Paul Hammant's Blog: Git storing unzipped office docs
I’d love Git to grok MS Office docs, but it doesn’t really. It came up again today at work, and coincidentally in Disqus comments for an older blog entry of mine The rise of version control
Anyway, I though I’d spike what Git would do, were it reworked to silently unzip (for commit) and rezip (as it makes working copy). Here’s a repo - git-word-diff-test. Here’s a commit of a simulated storage of a Word doc made with the Mac version of Microsoft Office - Mary.docx
- which just contains one word per line “Mary had a little lamb”, and a single commit that changed that to “Mary had a little iPad”.
It turns out that the commit is pretty noisy. Click the “Split” on that page, and search in page for “iPad”. It was the real change. It is a shame that a whole bunch of seemingly random and temporal stuff changes at the same time. Microsoft: try to make idempotent things please. I’ve reformatted the XML on the ‘pretty’ branch too to make it easier to see the change between the two revisions. Microsoft: consider formatted/pretty XML - it makes no difference if you’re zipping it.
Despite that noise, the second commit was only an 170 byte addition to the .git/ blobs, when the .docx file is ordinarily 23Kb in size.
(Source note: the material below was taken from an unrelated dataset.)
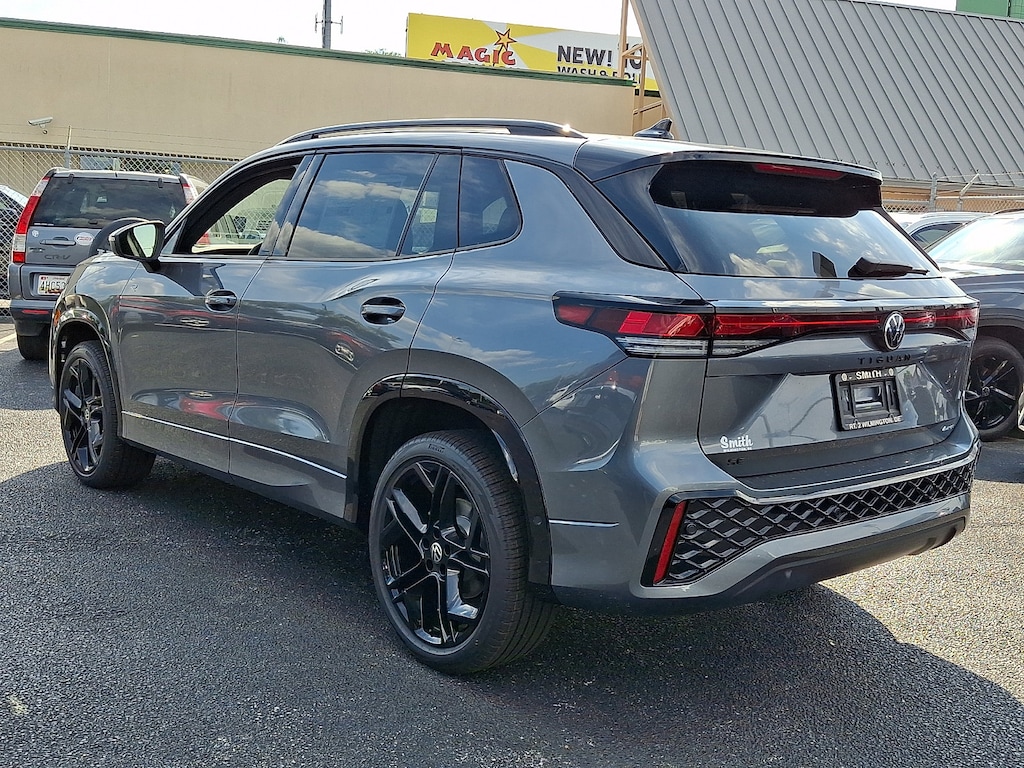 New 2026 Volkswagen Tiguan SE R-Line Black SUV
Byte diff calc for the HEAD commit:
COMMITSHA=$(git log | grep "commit " | head -n 1 | sed 's/commit //')
CURRENTSIZE=$(git ls-tree -lrt $COMMITSHA | grep blob | sed -E "s/.{53} *([0-9]*).*/\1/g" | paste -sd+ - | bc)
PREVSIZE=$(git ls-tree -lrt $COMMITSHA^ | grep blob | sed -E "s/.{53} *([0-9]*).*/\1/g" | paste -sd+ - | bc)
echo "$CURRENTSIZE - $PREVSIZE" | bc
As I sorta said in the Disqus comments, I’d pay for Git to be changed to silently unzip .docx, .xlsx and .pptx documents and only reconstitute them in the working copy as I checkout. I’m only interested in the carriage-return-delimited text diffs (incl XML), if I am diffing at all. Diffs on the binary aspects of such zips are just wrong.
Updates
Sept 1st, 2015
Inside the zip, there’s vbaProject.bin for Word/Excel/Powerpoint docs that have VBA. This raises the bar on the idea - as it is binary. Luckily there is open-source know-how that will allow this otherwise less-than-open-standard piece to be unpacked too: Philippe Lagadec’s oletools.
Jul 13th, 2016
I discovered Followup: Managing EXCEL with git - diff problem - a preexisting conversation on the Git mail list, around the same problem.